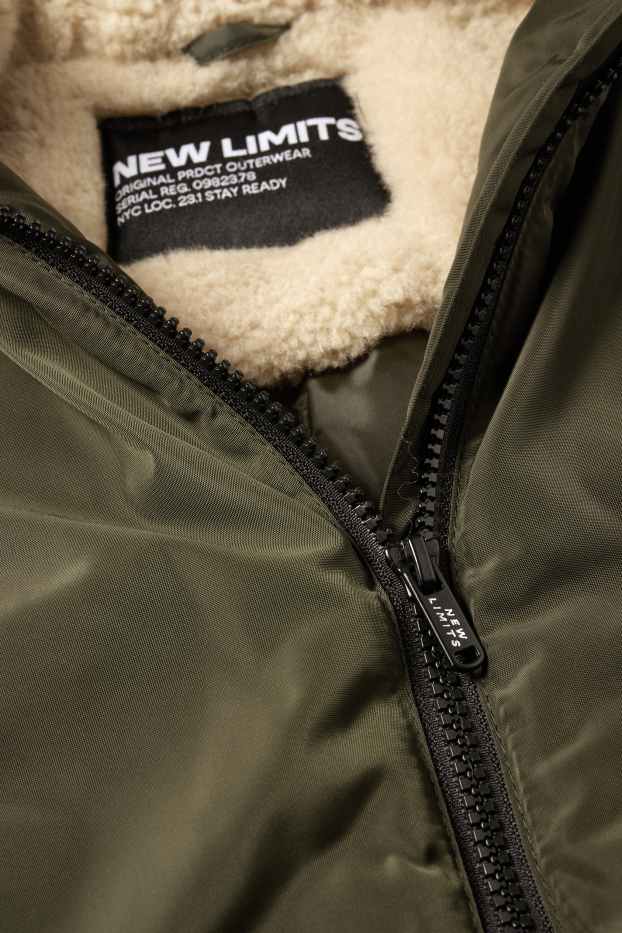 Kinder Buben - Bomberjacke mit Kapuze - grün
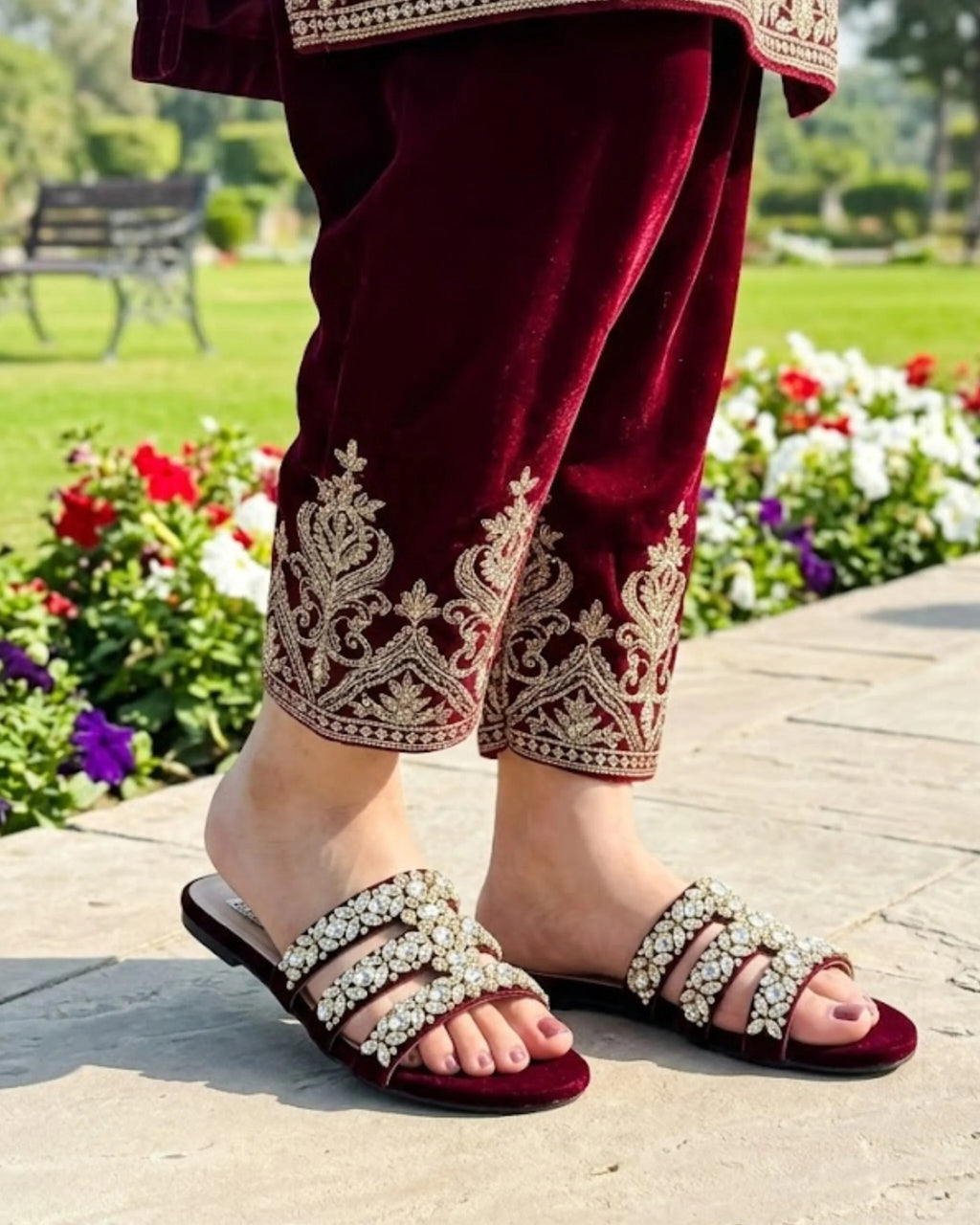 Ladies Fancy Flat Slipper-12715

* * *

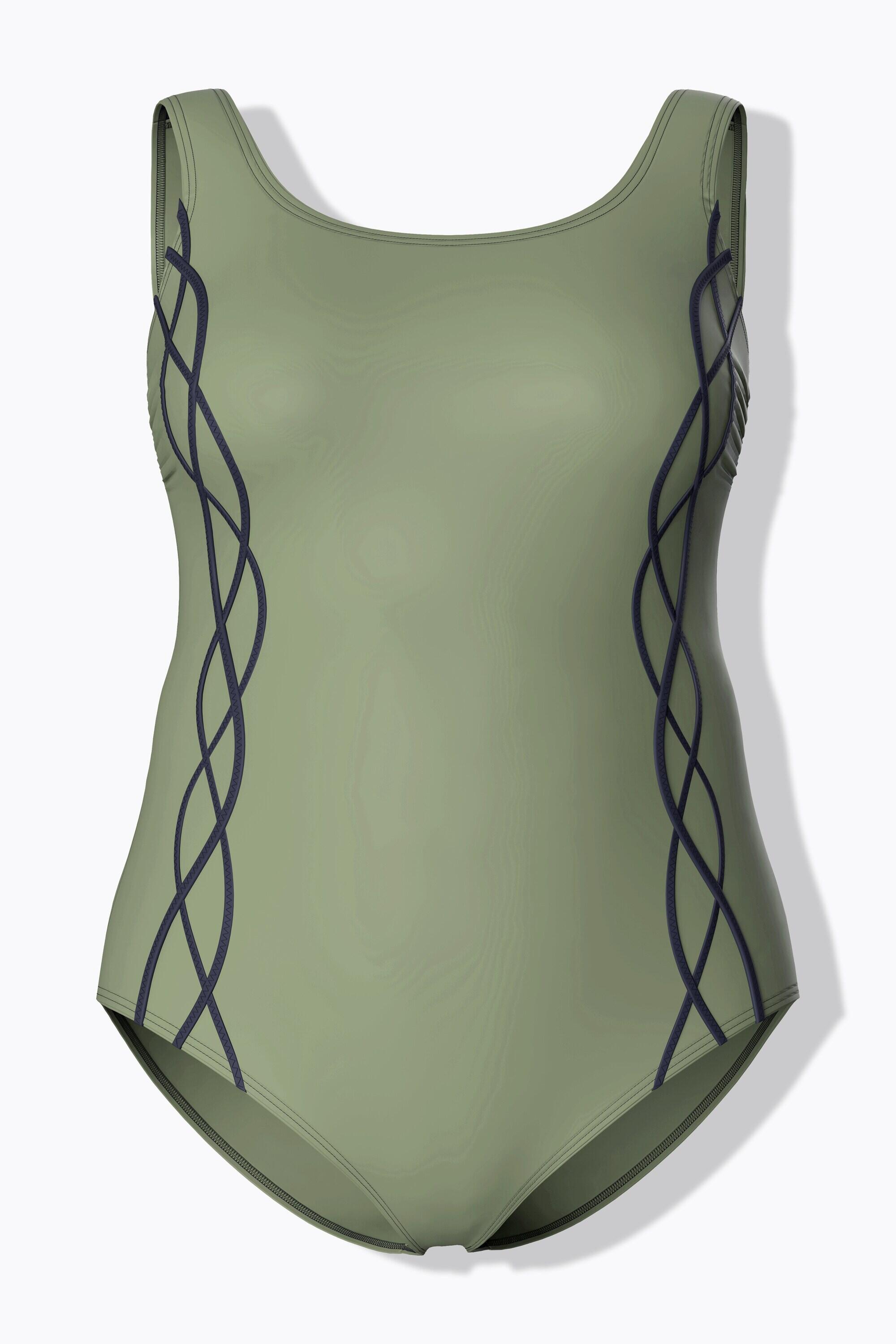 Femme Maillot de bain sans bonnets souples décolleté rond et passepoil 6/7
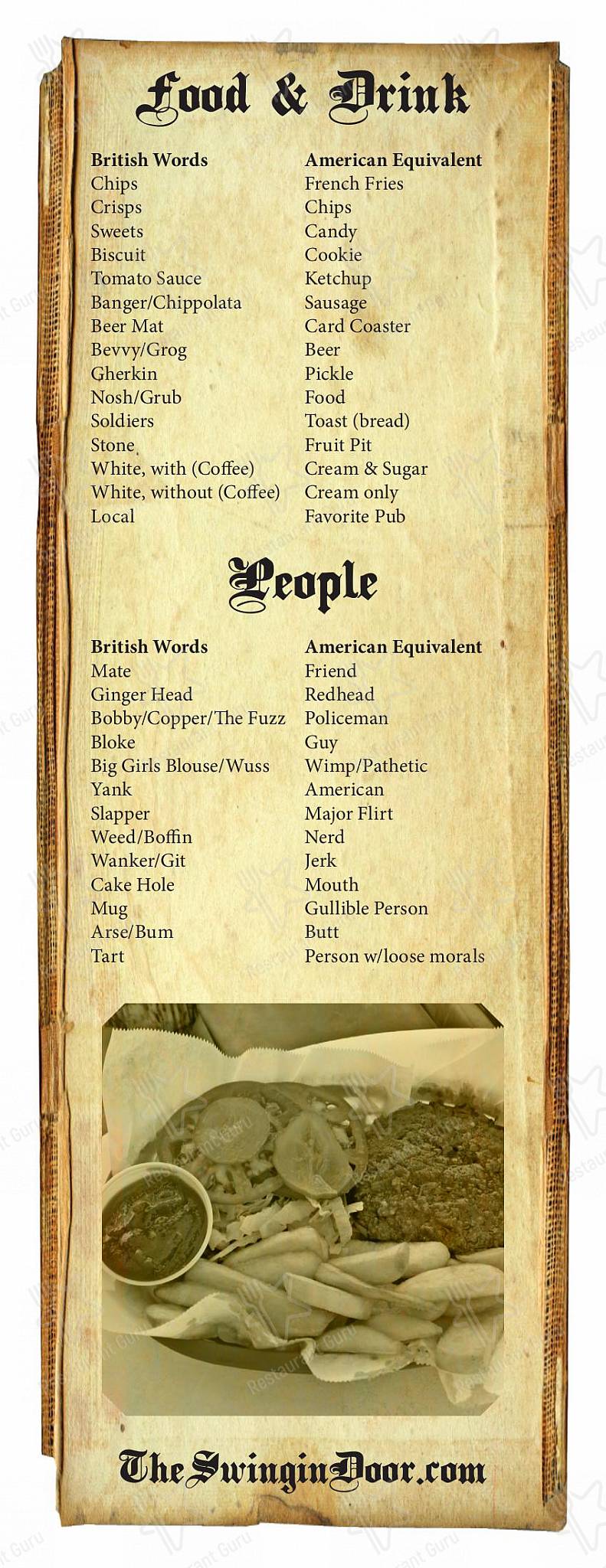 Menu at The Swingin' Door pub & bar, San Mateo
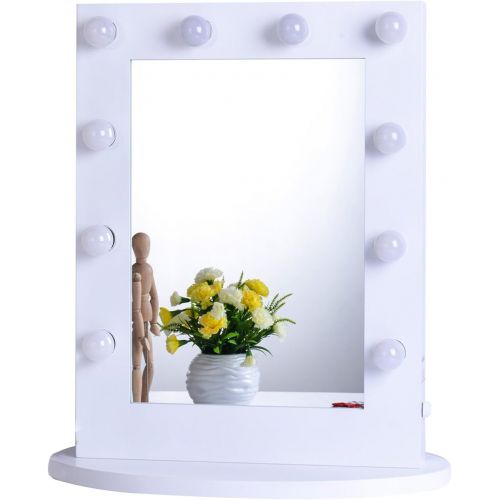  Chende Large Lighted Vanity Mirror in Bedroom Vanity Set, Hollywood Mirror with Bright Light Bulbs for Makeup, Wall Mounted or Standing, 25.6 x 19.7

▶ **ASSIGNMENT**:
Look through the listing above for the line with "Kinder Buben - Bomberjacke mit Kapuze - grün" and the line with "Ladies Fancy Flat Slipper-12715". Write out exactly those lines and everything between, leaving out pictures.

▶ **OUTPUT BELOW**:
 Kinder Buben - Bomberjacke mit Kapuze - grün
 Ladies Fancy Flat Slipper-12715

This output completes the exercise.